> [Your goal] Once the line containing "this 1280×825 image." is found in the listing below, return it and each line after it through the last, exactly as given.

> [Supplied data]
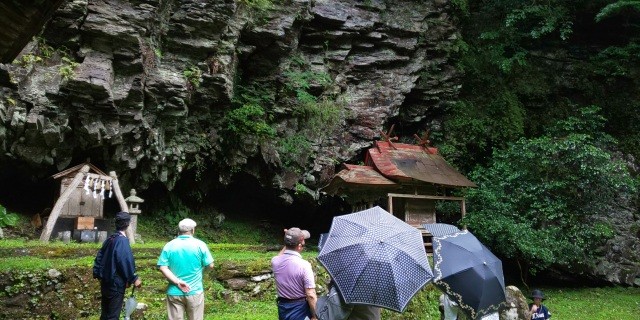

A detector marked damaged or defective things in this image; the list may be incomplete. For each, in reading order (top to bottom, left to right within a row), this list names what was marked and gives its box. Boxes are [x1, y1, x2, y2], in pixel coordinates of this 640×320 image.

rusty metal roof [0, 0, 65, 63]
rusty metal roof [362, 142, 478, 189]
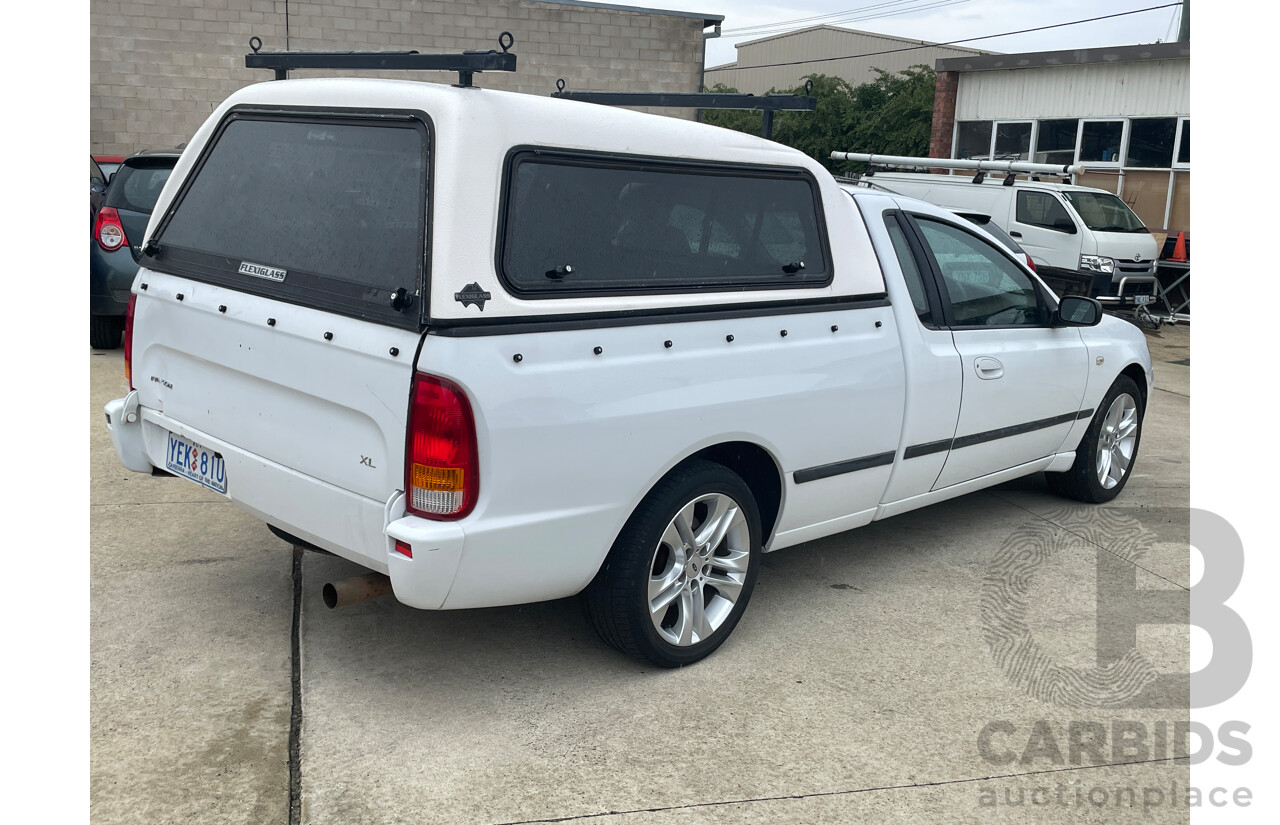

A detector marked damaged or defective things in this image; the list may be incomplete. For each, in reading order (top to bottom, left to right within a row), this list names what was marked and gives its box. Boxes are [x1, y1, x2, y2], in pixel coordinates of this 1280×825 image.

crack in concrete [486, 757, 1187, 818]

> [Finished task]
A detector marked damaged or defective things in this image; the list may be incomplete. For each, in reading order (top to bottom, left to right within a row), this list names what was marked and gives its box. Boxes are [x1, y1, x2, y2], in pixel coordinates of this 1280×825 image.

crack in concrete [486, 757, 1187, 818]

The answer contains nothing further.